Nel caso dell’influencer marketing il ruolo che un’impresa svolge nel controllo della comunicazione può però variare sensibilmente. Può esserci un controllo diretto su tutti i contenuti, oppure una generale indicazione di linee guida per lasciare alla creatività dell’influencer la realizzazione finale o addirittura si può trattare di una spontanea iniziativa dell’influencer del tutto estranea al mandato ricevuto dall’azienda. Tuttavia in linea generale, oltre alla responsabilità dell’influencer che in ipotesi non ha seguito le indicazioni che gli erano state impartite, un’impresa nel momento in cui abbia stipulato un accordo per la promozione del proprio brand dovrebbeesercitare un’attività di verifica e controllo sui contenuti, ferme restando le garanzie contrattuali che le permetteranno di rivalersi nei confronti dei soggetti che non hanno agito con diligenza.
D: Guardando quello che succede su Instagram sembra che la trasparenza sia ancora presa molto sottogamba, molti influencer non sono neanche coscienti dei loro doveri ed eseguono alla lettera i brief delle agenzie, che a loro volta spesso non conoscono le regole. Cosa possiamo fare di concreto per cambiare la situazione?

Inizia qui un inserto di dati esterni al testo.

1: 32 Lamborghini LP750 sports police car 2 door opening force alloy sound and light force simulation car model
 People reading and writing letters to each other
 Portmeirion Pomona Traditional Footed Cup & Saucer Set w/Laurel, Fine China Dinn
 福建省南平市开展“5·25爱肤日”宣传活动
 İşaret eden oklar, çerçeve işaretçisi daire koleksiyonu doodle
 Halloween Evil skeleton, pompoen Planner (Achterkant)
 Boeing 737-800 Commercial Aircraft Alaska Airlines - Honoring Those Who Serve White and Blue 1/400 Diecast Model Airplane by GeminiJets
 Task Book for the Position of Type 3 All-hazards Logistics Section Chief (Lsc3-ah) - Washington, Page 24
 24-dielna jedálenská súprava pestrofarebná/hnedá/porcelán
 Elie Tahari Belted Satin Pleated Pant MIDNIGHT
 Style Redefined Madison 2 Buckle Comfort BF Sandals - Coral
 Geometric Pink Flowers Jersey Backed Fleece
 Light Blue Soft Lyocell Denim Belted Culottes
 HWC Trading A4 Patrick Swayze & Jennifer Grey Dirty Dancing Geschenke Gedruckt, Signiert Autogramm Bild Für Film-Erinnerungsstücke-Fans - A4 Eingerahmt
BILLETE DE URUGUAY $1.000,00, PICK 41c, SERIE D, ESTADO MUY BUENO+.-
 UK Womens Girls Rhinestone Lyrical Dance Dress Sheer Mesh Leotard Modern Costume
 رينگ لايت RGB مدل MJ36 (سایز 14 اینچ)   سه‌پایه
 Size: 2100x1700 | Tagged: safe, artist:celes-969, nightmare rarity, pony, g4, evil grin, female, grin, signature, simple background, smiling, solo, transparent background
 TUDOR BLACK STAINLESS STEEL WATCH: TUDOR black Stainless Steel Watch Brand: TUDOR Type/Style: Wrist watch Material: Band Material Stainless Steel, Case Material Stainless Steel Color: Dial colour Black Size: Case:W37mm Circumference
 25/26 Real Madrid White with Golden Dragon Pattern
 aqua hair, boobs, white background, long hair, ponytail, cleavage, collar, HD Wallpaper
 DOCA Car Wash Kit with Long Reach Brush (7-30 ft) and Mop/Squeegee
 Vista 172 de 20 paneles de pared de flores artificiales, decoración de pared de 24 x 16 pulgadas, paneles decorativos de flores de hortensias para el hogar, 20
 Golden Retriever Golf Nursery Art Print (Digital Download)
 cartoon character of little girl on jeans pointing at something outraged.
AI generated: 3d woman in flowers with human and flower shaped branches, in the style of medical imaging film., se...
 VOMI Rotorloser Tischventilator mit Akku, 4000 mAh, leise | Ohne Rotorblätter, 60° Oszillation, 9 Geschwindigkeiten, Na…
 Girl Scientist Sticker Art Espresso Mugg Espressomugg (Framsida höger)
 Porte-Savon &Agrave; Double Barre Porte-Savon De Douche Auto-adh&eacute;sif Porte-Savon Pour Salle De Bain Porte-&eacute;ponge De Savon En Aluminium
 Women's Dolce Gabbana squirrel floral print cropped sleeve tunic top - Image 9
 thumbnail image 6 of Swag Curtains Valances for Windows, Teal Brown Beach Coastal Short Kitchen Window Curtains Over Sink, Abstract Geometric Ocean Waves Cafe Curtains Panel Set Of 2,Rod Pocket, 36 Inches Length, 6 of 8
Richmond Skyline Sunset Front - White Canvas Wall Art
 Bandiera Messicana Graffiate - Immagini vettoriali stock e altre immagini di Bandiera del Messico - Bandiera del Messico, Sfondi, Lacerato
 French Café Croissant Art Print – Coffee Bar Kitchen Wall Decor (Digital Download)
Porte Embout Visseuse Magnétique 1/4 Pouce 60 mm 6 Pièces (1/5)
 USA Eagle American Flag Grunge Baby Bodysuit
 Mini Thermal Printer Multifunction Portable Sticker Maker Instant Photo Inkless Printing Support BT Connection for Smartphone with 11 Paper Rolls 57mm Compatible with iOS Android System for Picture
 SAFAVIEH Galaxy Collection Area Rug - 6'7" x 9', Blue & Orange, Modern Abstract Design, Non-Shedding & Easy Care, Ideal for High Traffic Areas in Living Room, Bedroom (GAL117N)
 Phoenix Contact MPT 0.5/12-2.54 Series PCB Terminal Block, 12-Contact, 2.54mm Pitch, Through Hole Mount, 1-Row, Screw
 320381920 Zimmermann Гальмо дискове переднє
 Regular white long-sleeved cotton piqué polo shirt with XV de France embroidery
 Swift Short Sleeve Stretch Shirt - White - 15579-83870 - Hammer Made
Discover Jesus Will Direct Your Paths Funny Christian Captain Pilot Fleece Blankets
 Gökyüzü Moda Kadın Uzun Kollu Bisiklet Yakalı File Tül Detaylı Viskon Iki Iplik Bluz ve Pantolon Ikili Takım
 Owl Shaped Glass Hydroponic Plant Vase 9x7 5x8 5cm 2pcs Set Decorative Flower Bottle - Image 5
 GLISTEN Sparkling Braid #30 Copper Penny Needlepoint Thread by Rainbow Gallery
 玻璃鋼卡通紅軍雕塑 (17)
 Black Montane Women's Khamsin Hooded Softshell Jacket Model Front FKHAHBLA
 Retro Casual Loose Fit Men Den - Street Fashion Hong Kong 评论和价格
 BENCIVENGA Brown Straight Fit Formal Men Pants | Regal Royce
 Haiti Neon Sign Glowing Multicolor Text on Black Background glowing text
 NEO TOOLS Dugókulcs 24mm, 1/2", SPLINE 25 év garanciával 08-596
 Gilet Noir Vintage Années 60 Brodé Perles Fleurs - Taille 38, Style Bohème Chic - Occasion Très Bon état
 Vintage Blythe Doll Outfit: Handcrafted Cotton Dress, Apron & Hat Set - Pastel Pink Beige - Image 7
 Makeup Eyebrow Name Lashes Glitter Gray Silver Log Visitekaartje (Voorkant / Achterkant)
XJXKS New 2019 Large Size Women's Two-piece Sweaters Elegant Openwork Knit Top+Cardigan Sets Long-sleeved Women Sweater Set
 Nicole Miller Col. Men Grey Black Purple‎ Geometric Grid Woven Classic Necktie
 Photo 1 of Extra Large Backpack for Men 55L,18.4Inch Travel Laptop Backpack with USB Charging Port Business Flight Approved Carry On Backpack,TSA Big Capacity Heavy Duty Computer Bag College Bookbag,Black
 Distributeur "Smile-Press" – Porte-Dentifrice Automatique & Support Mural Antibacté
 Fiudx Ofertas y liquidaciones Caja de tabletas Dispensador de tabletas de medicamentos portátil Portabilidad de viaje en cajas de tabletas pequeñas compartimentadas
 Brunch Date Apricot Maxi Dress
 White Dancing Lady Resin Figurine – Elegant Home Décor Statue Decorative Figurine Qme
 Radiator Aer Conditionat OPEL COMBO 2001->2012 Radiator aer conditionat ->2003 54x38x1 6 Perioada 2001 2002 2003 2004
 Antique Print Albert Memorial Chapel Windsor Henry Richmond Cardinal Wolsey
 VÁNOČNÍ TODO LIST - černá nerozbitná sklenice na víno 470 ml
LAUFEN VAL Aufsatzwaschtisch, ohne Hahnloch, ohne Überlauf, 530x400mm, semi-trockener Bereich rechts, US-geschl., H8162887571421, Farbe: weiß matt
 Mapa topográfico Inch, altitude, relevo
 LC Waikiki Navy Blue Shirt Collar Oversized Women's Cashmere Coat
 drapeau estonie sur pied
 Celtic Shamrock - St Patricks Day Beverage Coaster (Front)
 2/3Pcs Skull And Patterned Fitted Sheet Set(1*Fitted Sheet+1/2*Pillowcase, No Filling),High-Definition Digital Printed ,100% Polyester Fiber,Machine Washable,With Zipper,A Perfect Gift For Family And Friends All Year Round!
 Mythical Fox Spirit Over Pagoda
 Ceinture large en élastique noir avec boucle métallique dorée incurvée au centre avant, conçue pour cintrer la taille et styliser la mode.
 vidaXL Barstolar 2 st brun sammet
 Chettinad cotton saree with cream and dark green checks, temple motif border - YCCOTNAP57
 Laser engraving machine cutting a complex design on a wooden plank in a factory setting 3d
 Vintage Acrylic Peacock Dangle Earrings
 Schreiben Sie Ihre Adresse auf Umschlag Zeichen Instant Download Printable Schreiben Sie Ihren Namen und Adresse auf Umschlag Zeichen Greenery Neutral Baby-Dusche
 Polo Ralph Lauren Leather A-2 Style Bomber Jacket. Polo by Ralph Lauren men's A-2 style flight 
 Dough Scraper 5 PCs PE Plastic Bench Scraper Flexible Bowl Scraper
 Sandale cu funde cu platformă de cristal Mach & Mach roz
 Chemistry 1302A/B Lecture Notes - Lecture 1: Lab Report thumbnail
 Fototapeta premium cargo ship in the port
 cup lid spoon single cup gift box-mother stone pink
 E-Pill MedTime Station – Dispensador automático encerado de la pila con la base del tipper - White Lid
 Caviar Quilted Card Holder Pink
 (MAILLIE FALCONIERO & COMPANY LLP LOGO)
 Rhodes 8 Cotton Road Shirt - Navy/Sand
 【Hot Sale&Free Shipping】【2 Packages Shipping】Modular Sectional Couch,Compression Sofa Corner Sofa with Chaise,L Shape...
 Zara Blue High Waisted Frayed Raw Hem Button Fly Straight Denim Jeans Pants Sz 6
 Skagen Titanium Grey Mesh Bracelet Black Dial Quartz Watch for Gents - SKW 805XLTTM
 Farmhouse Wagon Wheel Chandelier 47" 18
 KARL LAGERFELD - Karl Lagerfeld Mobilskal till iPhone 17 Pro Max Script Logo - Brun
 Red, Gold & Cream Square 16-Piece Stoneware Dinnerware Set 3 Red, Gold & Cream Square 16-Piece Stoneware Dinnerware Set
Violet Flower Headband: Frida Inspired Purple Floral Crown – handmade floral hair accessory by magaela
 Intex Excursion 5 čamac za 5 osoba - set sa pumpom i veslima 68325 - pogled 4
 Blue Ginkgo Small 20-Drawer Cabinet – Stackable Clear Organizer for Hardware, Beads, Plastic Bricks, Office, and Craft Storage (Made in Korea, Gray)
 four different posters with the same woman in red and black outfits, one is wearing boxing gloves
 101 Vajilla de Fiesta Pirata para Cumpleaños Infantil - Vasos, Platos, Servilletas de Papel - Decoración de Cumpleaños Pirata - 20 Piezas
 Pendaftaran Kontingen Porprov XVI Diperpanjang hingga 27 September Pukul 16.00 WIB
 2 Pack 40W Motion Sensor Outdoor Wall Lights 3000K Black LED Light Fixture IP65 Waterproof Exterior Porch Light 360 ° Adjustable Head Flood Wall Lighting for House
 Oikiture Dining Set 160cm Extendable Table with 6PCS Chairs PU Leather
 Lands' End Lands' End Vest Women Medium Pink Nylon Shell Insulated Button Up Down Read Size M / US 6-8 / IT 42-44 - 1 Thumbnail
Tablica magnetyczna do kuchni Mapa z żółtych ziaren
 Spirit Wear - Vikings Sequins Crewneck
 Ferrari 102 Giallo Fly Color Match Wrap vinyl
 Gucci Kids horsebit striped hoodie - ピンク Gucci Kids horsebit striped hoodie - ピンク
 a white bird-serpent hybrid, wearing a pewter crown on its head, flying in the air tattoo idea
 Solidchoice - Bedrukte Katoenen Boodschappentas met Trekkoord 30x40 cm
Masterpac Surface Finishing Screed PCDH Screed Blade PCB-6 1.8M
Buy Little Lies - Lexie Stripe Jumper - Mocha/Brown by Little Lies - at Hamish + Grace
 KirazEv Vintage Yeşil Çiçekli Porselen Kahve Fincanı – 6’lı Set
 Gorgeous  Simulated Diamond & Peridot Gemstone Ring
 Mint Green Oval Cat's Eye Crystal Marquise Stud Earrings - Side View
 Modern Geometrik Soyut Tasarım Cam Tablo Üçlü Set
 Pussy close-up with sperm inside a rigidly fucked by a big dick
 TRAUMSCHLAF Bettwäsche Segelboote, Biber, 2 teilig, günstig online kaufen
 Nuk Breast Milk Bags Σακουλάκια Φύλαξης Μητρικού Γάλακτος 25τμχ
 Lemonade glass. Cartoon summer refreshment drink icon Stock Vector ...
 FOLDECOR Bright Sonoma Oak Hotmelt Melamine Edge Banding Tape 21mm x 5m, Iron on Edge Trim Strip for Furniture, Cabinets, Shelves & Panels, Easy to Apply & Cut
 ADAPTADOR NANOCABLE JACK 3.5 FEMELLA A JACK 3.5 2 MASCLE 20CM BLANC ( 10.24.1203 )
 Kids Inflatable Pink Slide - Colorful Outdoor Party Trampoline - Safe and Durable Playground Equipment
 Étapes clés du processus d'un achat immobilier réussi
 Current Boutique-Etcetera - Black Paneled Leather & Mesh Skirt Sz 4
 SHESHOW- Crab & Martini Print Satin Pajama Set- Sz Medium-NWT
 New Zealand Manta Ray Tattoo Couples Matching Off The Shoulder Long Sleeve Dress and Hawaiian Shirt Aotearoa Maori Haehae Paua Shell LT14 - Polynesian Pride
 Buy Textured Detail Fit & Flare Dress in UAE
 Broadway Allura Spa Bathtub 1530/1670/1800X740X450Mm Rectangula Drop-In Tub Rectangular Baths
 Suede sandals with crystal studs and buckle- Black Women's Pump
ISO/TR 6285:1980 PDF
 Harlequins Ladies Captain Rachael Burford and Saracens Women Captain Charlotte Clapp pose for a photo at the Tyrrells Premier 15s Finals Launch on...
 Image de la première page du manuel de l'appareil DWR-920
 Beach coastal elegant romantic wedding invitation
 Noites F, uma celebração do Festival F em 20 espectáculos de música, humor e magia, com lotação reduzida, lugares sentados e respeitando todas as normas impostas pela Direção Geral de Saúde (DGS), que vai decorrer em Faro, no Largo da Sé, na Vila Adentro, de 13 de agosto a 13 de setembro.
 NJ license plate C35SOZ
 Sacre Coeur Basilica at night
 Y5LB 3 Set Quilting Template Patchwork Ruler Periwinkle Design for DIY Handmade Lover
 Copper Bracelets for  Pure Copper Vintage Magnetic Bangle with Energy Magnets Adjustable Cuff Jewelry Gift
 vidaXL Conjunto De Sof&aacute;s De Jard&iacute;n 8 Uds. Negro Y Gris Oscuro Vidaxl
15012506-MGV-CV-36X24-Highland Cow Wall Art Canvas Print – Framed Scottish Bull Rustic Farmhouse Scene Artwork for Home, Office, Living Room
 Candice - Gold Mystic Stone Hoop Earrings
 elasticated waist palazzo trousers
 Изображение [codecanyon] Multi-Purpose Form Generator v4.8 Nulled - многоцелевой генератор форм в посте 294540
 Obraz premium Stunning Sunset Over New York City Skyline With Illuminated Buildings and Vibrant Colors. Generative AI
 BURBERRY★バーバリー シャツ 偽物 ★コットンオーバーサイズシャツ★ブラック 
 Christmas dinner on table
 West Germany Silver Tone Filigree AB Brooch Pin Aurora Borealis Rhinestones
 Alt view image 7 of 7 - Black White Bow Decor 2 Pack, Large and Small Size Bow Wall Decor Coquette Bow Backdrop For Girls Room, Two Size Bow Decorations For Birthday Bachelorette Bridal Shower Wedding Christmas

R: Bisogna innanzi tutto diffondere cultura delle regole e in particolare cultura della “disclosure”. Aumentare il dialogo con gli influencer e arrivare a ipotizzareanche una categoria associativa per essi all’interno dello IAP così come avviato dall’autodisciplina francese. Bisogna poi che gli influencer si rendano conto che la trasparenza non solo non “influenza” in negativo l’efficacia della comunicazione ma anzi aumenta la fiducia del pubblico in chi comunica. Chi invece rifiuta questo switch, che prima ancora che giuridico è culturale, è destinato a fare i conti prima o poi con il suo pubblico e con le sanzioni delle autorità preposte.